Vidas Atribuladas: Condessa de Taboeira e D. Arcelina Valente Moreira, Aveiro, 2013, 254 págs.

Taboeira antiga – breve historial

“Desta povoação antiquíssima, anterior à formação da independência de Portugal, são os seguintes documentos, os mais antigos que nos são dado conhecer.

Uma escritura de doação de Taboeira ao Mosteiro de Lorvão por D. Afonso Henriques e um Foral deste mesmo Mosteiro aos habitantes de Taboeira: o primeiro datado do séc. XII e o segundo com data do séc. XIII13.

A povoação (Esgueira) recebeu o Foral do Conde D. Henrique em 1110. Em 1106, o Mosteiro de Lorvão tinha também bens, nesta vila, alargados pelo nosso primeiro rei com a doação de Taboeira e outras, em 1176. Mas foi D. Sancho I que lhe definiu o senhorio, por testamento à sua filha D. Teresa, em outubro de 1210.

Porém, na sequência de desavenças familiares, foi por ação de D. Sancho II que a~situação se clarificou, no ano de 1223, ficando Esgueira, à morte de D. Teresa, para o Mosteiro de Lorvão, “DO JURE ET HEREDIDATE”. Relativamente à Freguesia de Taboeira sabemos que, no século XV, esta era a mata que servia Esgueira.

Distante do agregado, cerca de 500 metros para este, entre as árvores que a compunham, destacam-se os amieiros (esta árvore dá-se bem nos terrenos húmidos), o paul que a integrava fornecia juncos e canas. Esta mata, cujo uso era livre e, tradicionalmente, aberto aos moradores de Esgueira, pertencia ao Rei14.

Tinha monteiros e guardadores que, em determinada altura, lhes tentaram vedar o usufruto, muito embora em vão.

O foral de 1185 ou de 1211, portanto, de há quase mil anos, rezava que os Habitatoribus In Nostra Villa de Tauoeira.

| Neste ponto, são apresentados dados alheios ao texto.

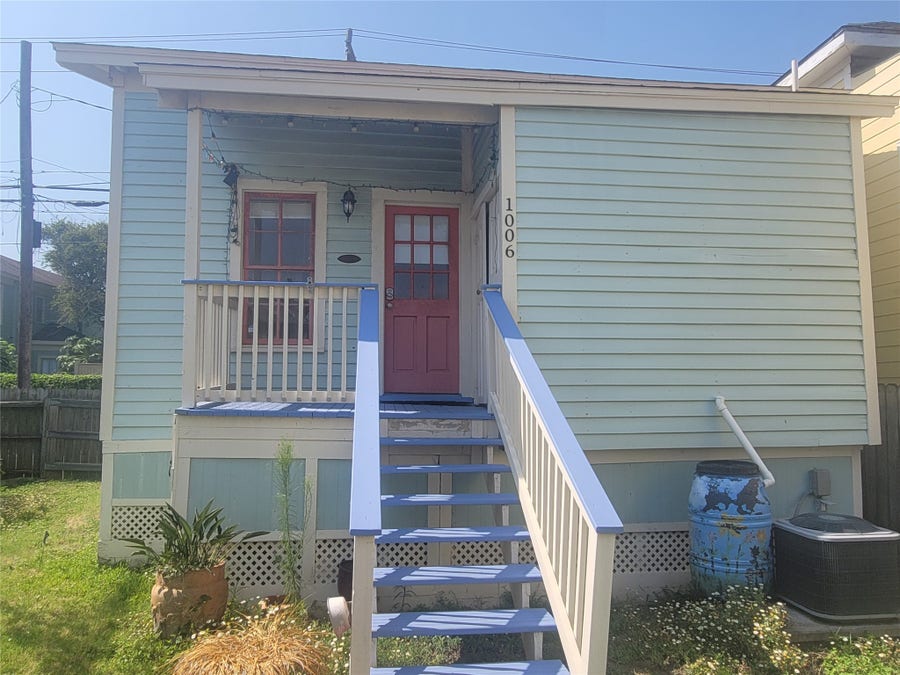 Property photo for 1006 Sealy Street, Galveston, TX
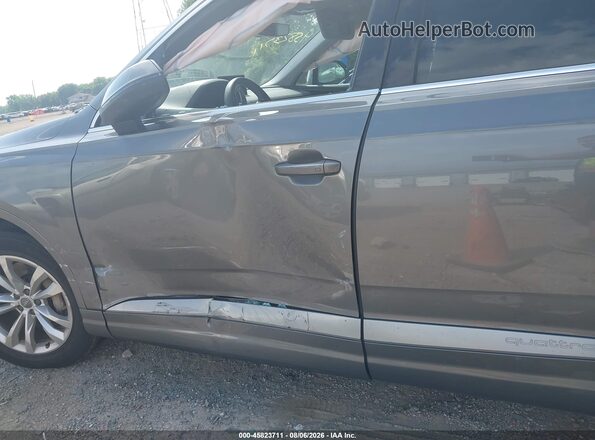 WA1LAAF70HD017271 2017 AUDI Q7 Серый Вид спереди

É difícil saber-se se gozava de categoria jurídica superior a uma aldeia, ou se funcionava apenas como propriedade de exploração agrícola, sendo esta hipótese a mais provável, dado que o Mosteiro de Lorvão, como se disse atrás, determinava que “mandamos e confirmamos por esta carta que todos os que por suas mãos lavrarem e plantarem e construírem, deem a sexta parte com honestidade ao Mosteiro”. Provavelmente, estas ordens eram cumpridas através de um meirinho que controlava a administração, e de um anadel que obrigava a cumpri-las. Estas autoridades seriam, com certeza, indivíduos de estirpe social elevada e até mesmo nobres e que, a manterem essa linhagem, tornaram Taboeira apetecível.

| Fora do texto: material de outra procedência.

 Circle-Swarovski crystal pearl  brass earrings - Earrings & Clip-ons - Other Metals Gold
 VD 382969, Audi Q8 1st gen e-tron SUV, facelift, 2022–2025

No entanto, outras razões tais como: os seus terrenos produtivos, o seu encanto aprazível e bucólico e, porque não, a proximidade do Rio Vouga que, navegável, permitia o acesso a outras paragens e, que, além do pescado e do estrume, podem ter atraído os seus primeiros habitantes.

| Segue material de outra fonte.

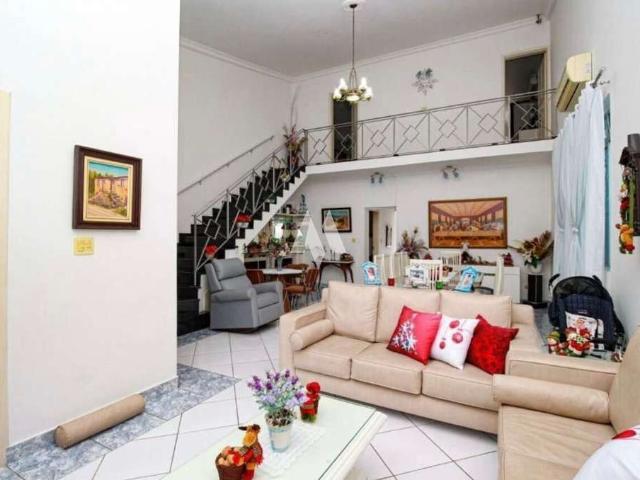 Casa / Sobrado para Venda em Santos/SP Encruzilhada 4 Quartos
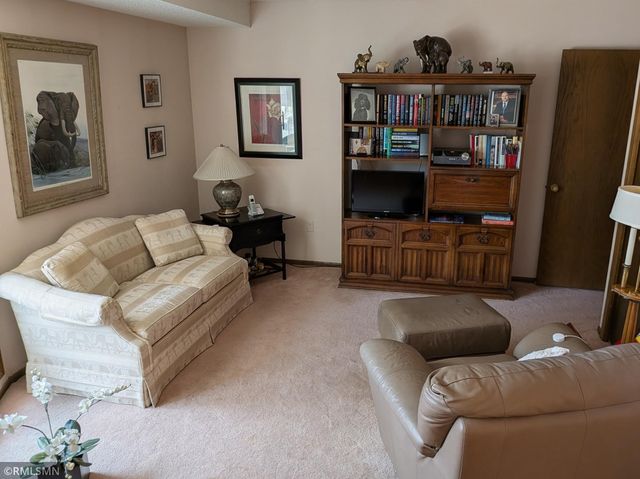 1077 Sibley Memorial Highway 308, Saint Paul, MN 55118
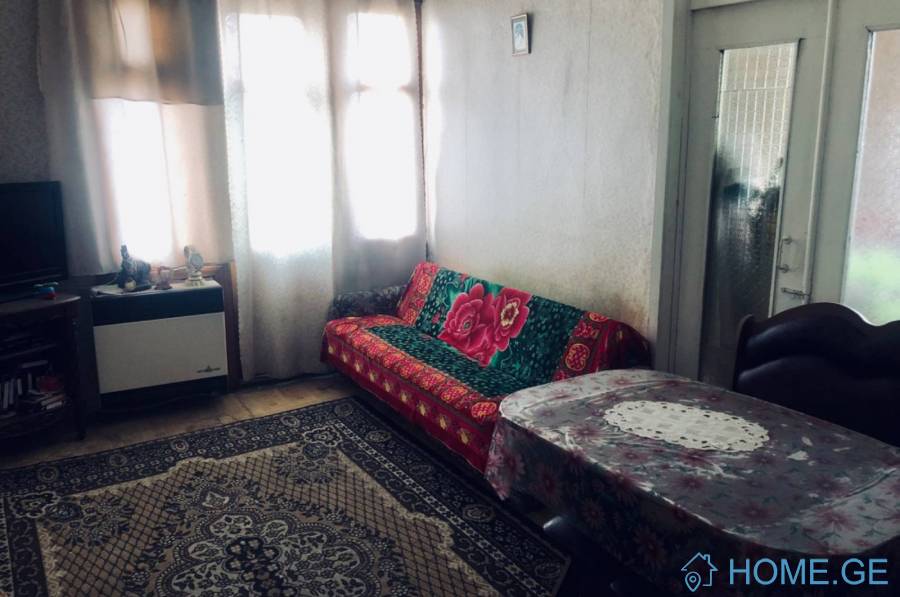 Продается квартира, 4 Kомнатная, Старое здание, Кутаиси, Сулхан-Саба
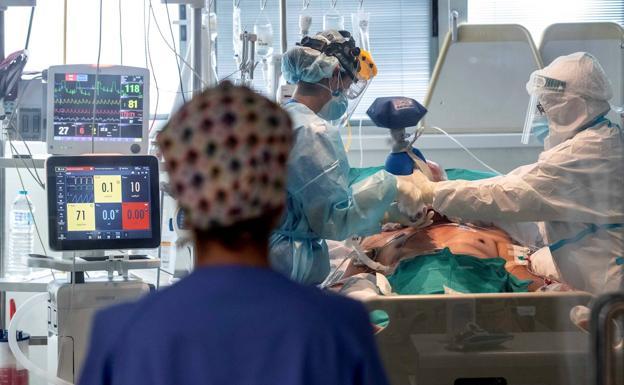 Canarias suma un fallecido y 226 casos de covid en mayores de 60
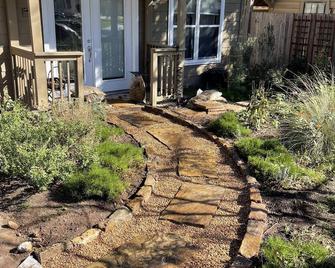 Private 1 Br 1 Ba, Kitchen, Office, Washer & Dryer - Austin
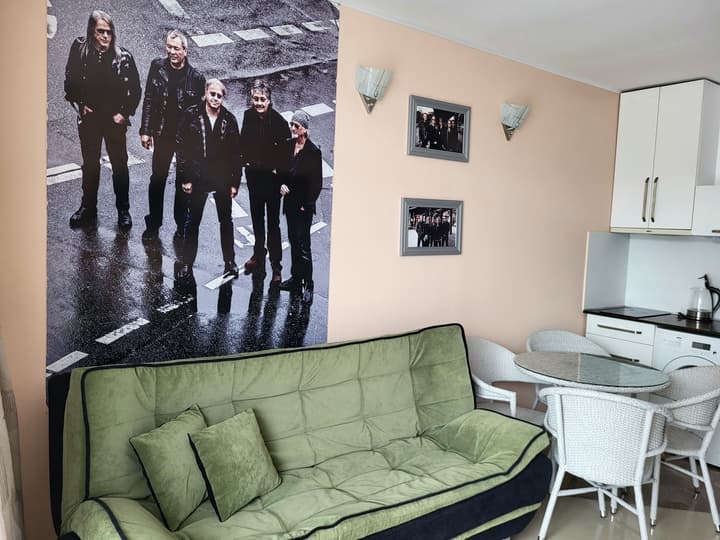 Rock Hotel First Line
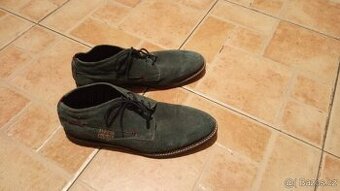 Kožená kotníková obuv zn. Bugatti, vel. 44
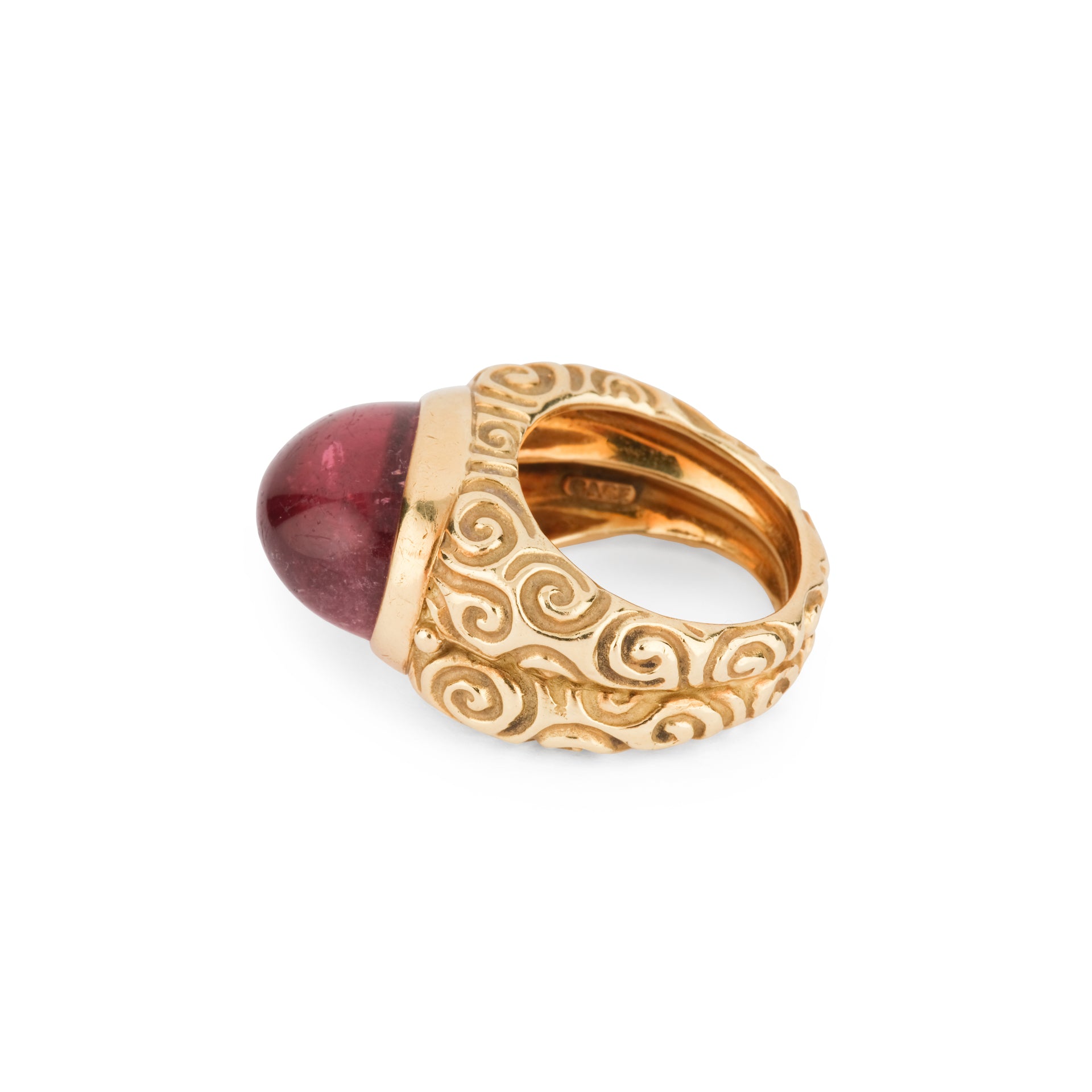 An Elisabeth Gage ring in yellow gold and tourmaline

A dada altura, os taboeirenses tudo fizeram para que a sua aldeia passasse a freguesia, pretensão justificada devido à grande distância dos centros de decisão.

Puseram a questão à condessa de Taboeira que lhes comunicou “Que só com minha intervenção muito direta junto dos Bispos do Porto e de Coimbra”15.

A 17 de maio, a pretensão dos tabueirenses não foi avante. Havia um exemplo muito próximo que não ajudou16/17.

No entanto, é de relevar o interesse da condessa que conseguiu congregar muitos tabueirenses, como comprova a transcrição da sua carta de 01.08.1915:

Logo que tive conhecimento dos vossos desejos por intermédio do Manoel Lares, escrevi aos Exmos. e Reverendos Bispos do Porto e Coimbra, e, depois de várias idas e vindas do Manoel, a quem bem, como ele merece, apresentei por escrito a estes senhores Bispos, apurámos, que só com minha intervenção muito direta poderíamos, talvez, esperar o bom resultado dos vossos desejos... Poder provar que este lugar merece tão alta distinção, preciso ouvir, de todas as pessoas de Taboeira, que aprovam esta empresa em que me vou envolver e se comprometerem, com as suas assinaturas, a pagarem anualmente a quantia que for precisa... Imaginamos, que 61 fogos, pelo menos, dos 147 que tem este lugar, estarão dispostos a pagarem a quota que se lhes indicar.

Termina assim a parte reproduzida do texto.